Python Machine Learning - Deep Learning Basics

Deep Learning Overview

Deep learning is an important branch of machine learning that uses multi-layer neural networks to simulate the human brain's learning process. Deep learning models can automatically learn feature representations from data without manual feature engineering, achieving significant results in image recognition, natural language processing, speech recognition, and other fields.

Key characteristics of deep learning include:

Multi-layer structure: By stacking multiple neural network layers, models can learn multi-level feature representations
Automatic feature extraction: Automatically learning useful features from raw data
Strong expressive power: Capable of modeling complex non-linear relationships
Requires large amounts of data: Typically needs large labeled datasets for training
Computationally intensive: Training process requires powerful computing resources

Neural Network Fundamentals

1. Perceptron

The perceptron is the basic building block of neural networks.
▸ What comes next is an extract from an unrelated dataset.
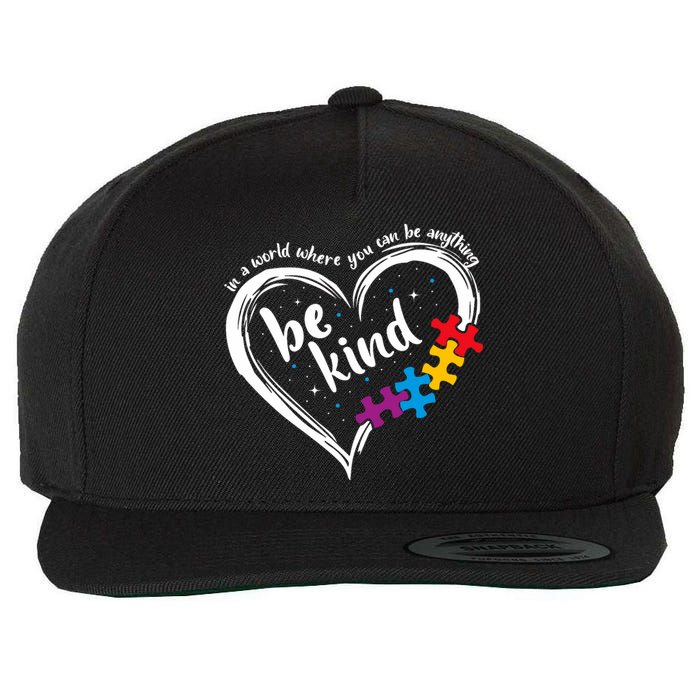 Autism Be Kind Blue Be Kind Autism Awareness Wool Snapback Cap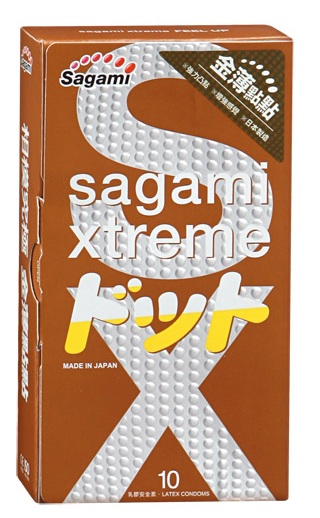 Презервативы Sagami Xtreme FEEL UP с точечной текстурой и линиями прилегания - 10 шт. - Sagami - купить с доставкой в Петропавловске-Камчатском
It receives multiple inputs, computes a weighted sum, and then outputs the result through an activation function.

                        import numpy as np

class Perceptron:
    def __init__(self, input_size, learning_rate=0.01):
        self.weights = np.zeros(input_size + 1)  # +1 for bias
        self.learning_rate = learning_rate
    
    def predict(self, inputs):
        # Calculate weighted sum (including bias)
        summation = np.dot(inputs, self.weights[1:]) + self.weights[0]
        # Apply step function
        return 1 if summation > 0 else 0
    
    def train(self, training_inputs, labels, epochs):
        for epoch in range(epochs):
            for inputs, label in zip(training_inputs, labels):
                prediction = self.predict(inputs)
                # Update weights
                self.weights[1:] += self.learning_rate * (label - prediction) * inputs
                self.weights[0] += self.learning_rate * (label - prediction)

# Test the perceptron
if __name__ == "__main__":
    # Training data (logical AND)
    training_inputs = np.array([[0, 0], [0, 1], [1, 0], [1, 1]])
    labels = np.array([0, 0, 0, 1])
    
    perceptron = Perceptron(2)
    perceptron.train(training_inputs, labels, 10)
    
    # Test
    test_inputs = np.array([[0, 0], [0, 1], [1, 0], [1, 1]])
    for inputs in test_inputs:
        print(f"Input: {inputs}, Prediction: {perceptron.predict(inputs)}")
                    

2. Multi-layer Neural Network

A multi-layer neural network (also known as a feedforward neural network) consists of an input layer, hidden layers, and an output layer. The presence of hidden layers allows neural networks to learn complex non-linear relationships.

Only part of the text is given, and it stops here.